SOLO, MettaNEWS – Abdul Karim Putra Wibowo, santri SMP Pesantren Tahfidz Az-Zayidiyy Sanggrahan Sukoharjo yang diduga jadi korban bullying sempat membuat status Instagram sebelum dirinya meninggal dunia.
Status Instagram itu ia buat 5 jam sebelum ia dinyatakan meninggal dunia pada Senin (16/9/2024) siang.
Guru ngaji korban sewaktu SD, Slamet Widodo mengatakan sang anak, KA lah yang mengetahui status korban tersebut. Dalam status tersebut, korban meminta maaf sekaligus meminta doa kepada ibundanya.
“Lima jam sebelum ada kabar beliau (Karim-red) meninggal, anak saya (KA) membuka status Instagramnya. Anak itu membuat status minta maaf kepada ibunya, minta doanya supaya dia bisa melewati hari-hari dia. Meninggal habis zuhur, minta maaf ke ibunya karena belum bisa menjadi 100 persen harapannya, minta doa ibunya karena hanya doa ibunya yang bisa membuat dia keluar dari permasalahan dia,” beber Slamet saat ditemui di TPU Purwoloyo, Selasa (17/9).

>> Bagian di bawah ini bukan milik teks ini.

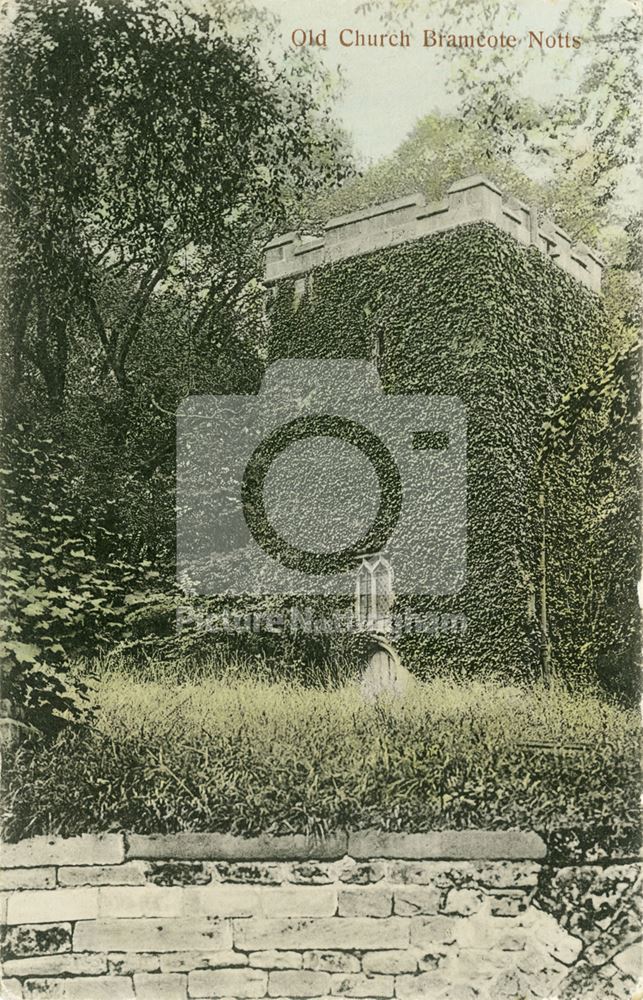 St Luke's Churchyard, off Town Street, Bramcote, c 1904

Sebagai guru ngaji, Slamet kerap berinteraksi dengan Karim. Ia juga sempat menanyakan kondisi Karim setelah mondok selama satu tahun di Ponpes Az-Zayidiyy.

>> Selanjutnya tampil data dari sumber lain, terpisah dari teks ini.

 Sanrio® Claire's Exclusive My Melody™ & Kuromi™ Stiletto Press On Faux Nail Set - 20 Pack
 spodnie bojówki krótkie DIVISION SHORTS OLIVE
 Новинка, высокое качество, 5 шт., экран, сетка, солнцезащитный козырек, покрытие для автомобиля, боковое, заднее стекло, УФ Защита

“Anak itu selalu berinteraksi dengan saya. Setiap dia pulang selalu ke rumah saya, saya selalu tanya ada cerita apa di pondok, kerasan nggak di sana? Bilangnya aman pakdhe nggak ada masalah. Anak saya teman baiknya almarhum,” terang Slamet.
Karim merupakan anak pertama dari tiga bersaudara. Sepengetahuan Slamet, bersekolah di Ponpes Az-Zayidiyy merupakan keinginan almarhum.
“Mondok keinginan almarhum dan orangtua terutama papanya, penginnya Karim jadi penghafal Al Qur’an jadi lebih baik. Saya kira anaknya tidak terpaksa, kalua alasan memilih pondok itu kurang tahu,” pungkasnya.